Si è svolta ieri all'interno dell'aula consiliare di Palazzo Farnese la cerimonia di commemorazione dedicata a Paolo Borsellino, magistrato palermitano assassinato in via D'Amelio il 19 luglio 1992 da cosa nostra insieme a cinque agenti della scorta.. Il ricordo della sua morte, celebrato all'interno dell'aula che reca il suo nome accanto a quello di Giovanni Falcone, a cui Borsellino è accomunato dal tragico destino, ha rappresentato l'occasione per soffermarsi sulla necessità di diffondere un'educazione alla legalità e battersi senza frontiere contro le organizzazioni criminali presenti sul territorio.
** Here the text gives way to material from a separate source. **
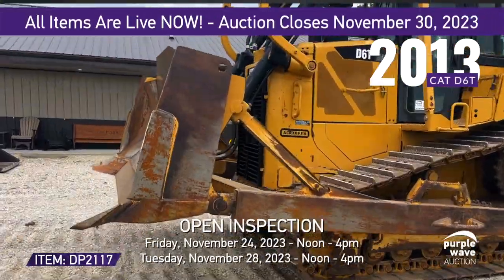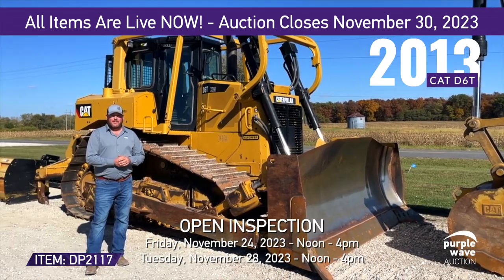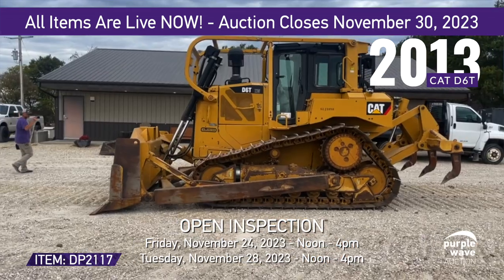Check out this piece from the J.H. Cook Excavating Auction. We also have this 2013 CAT D6 TXW Dozer with a little over 9,900 hours.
Il convegno, organizzato dal presidente di LegalmenteItalia Vincenzo Zurlo, è stato impreziosito dalla presenza del sindaco Antonio Pannullo, del presidente vicario del Tribunale di Torre Annunziata Luigi Pentangelo e del presidente dell'Ordine degli Avvocati di Torre Annunziata Gennaro Torrese.
«La città deve recuperare il senso di legalità, giustizia e appartenenza ad una comunità degna di tale nome - ha sottolineato il primo cittadino stabiese -. La mia generazione, che ha conseguito la laurea all'inizio degli anni '90, è stata profondamente segnata da figure del calibro di Falcone e Borsellino, andate persino oltre i propri uffici per difendere i diritti degli u
omini. Borsellino è stato il riferimento del mio percorso formativo e sarà tale anche per questo percorso amministrativo».
«Il ricordo di un evento che ha contrassegnato la storia d'Italia è un motivo per proseguire nel cammino verso il progresso e la rinascita del nostro Paese - ha aggiunto Luigi Pentangelo -. In questa fase caratterizzata dal pauperismo e dall'arretramento rispetto alle conquiste degli scorsi decenni, l'esempio di Borsellino, in qualità di uomo prima ancora che di intellettuale, deve rappresentare il cardine dell'educazione delle future generazioni. Borsellino ha onorato l'appartenenza alla nobile stirpe italiana ed ha precorso i tempi, incarnando in sé l'emblema dell'Europa che con enorme fatica stiamo provando ad edificare».
«Questa ricorrenza è triste per gli italiani - ha concluso Gennaro Torrese -, ma è necessario seguire il solco tracciato da un servitore dello stato che ha perso la vita per compiere il proprio dovere. A Falcone e Borsellino mi piace associare anche figure del calibro di Fulvio Croce e Giorgio Ambrosoli, due vittime della criminalità organizzata, persone straordinarie che hanno saputo ergersi al di sopra della mediocrità di chi si avvale di sistemi malsani per raggiungere i propri scopi».